What you have to do >>
The lines in the listing below are to be given again exactly, starting at the line holding "Photo of property" and ending at the line holding "H&M White Scarf with Black Stripes". Do not include pictures.

*** Data for this task Section Begins ***

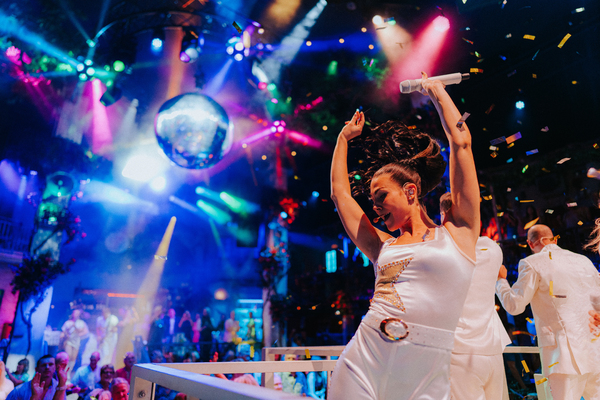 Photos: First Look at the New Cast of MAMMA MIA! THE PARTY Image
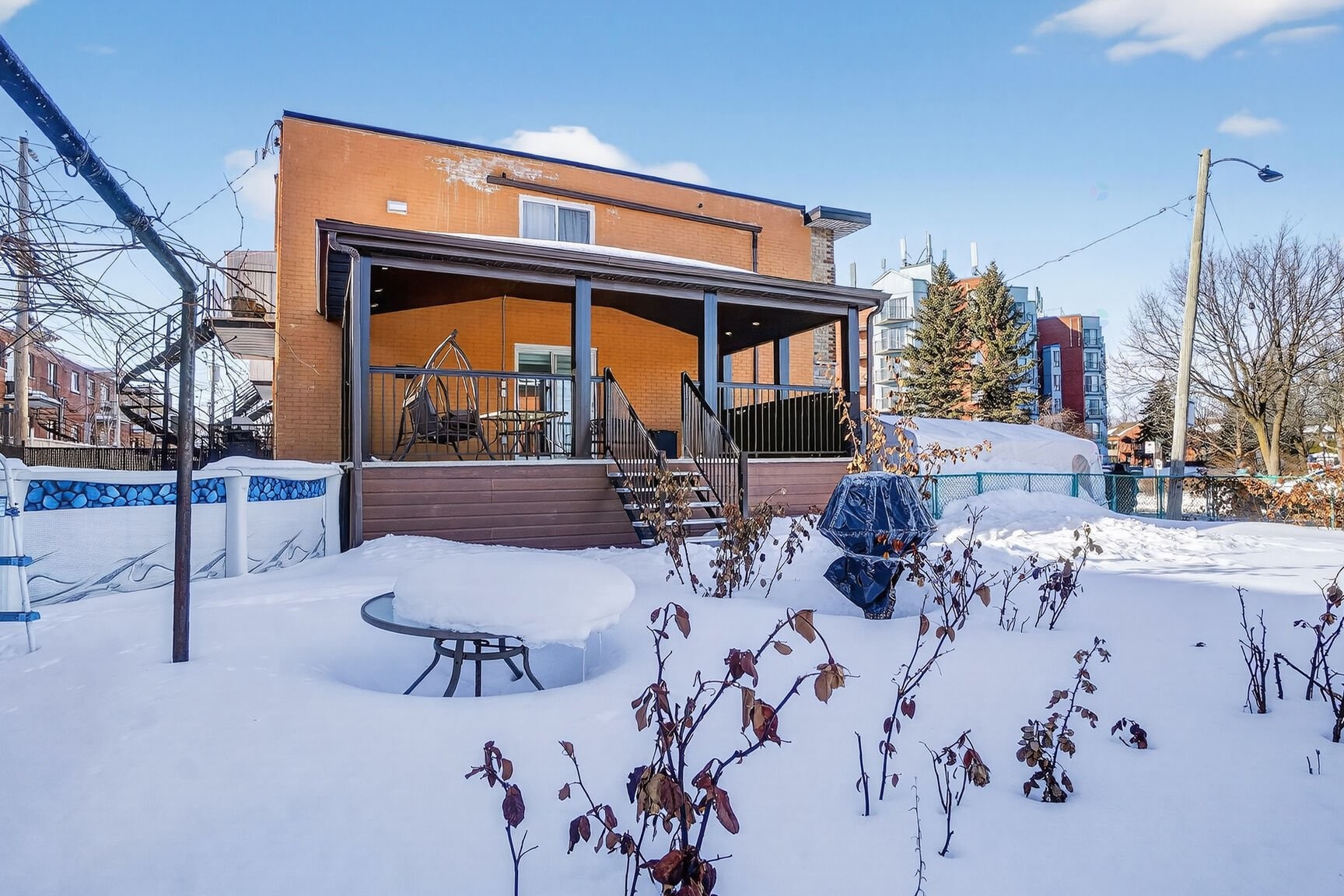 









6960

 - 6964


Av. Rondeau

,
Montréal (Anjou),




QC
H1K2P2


*** Data for this task Section Ends ***
*** Data for this task Section Begins ***

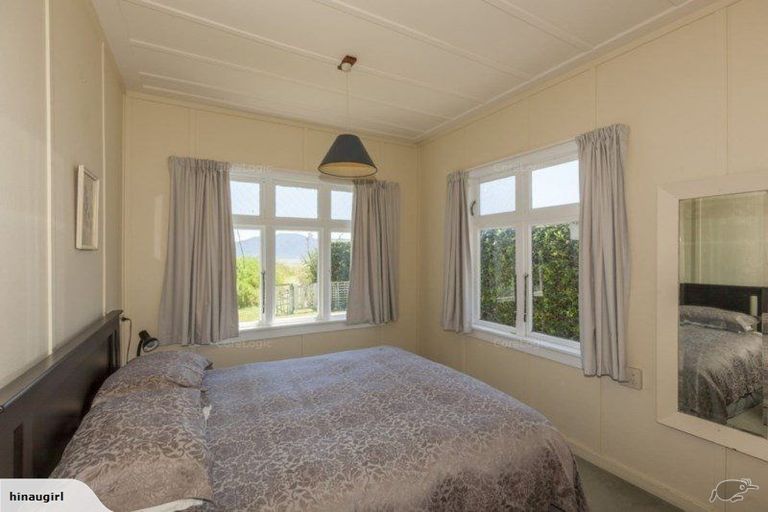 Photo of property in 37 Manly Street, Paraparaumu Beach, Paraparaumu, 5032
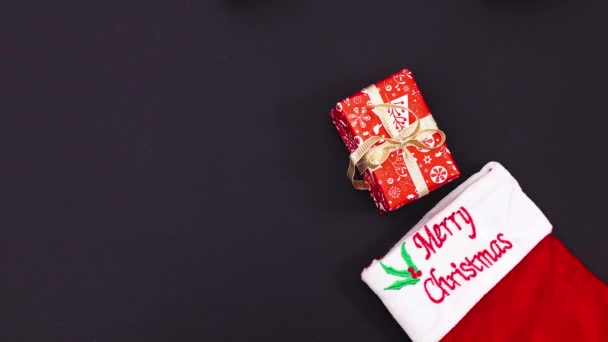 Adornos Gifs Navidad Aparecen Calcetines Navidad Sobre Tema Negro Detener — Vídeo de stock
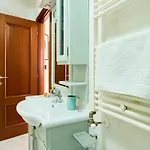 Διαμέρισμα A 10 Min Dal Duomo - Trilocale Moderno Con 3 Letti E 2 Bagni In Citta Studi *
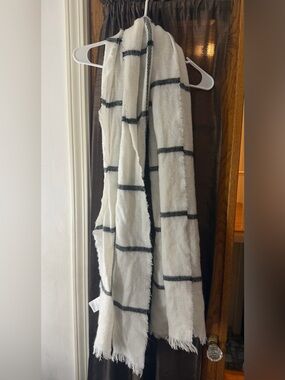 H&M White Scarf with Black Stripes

*** Data for this task Section Ends ***

Response to the exercise >>
 Photo of property in 37 Manly Street, Paraparaumu Beach, Paraparaumu, 5032
 Adornos Gifs Navidad Aparecen Calcetines Navidad Sobre Tema Negro Detener — Vídeo de stock
 Διαμέρισμα A 10 Min Dal Duomo - Trilocale Moderno Con 3 Letti E 2 Bagni In Citta Studi *
 H&M White Scarf with Black Stripes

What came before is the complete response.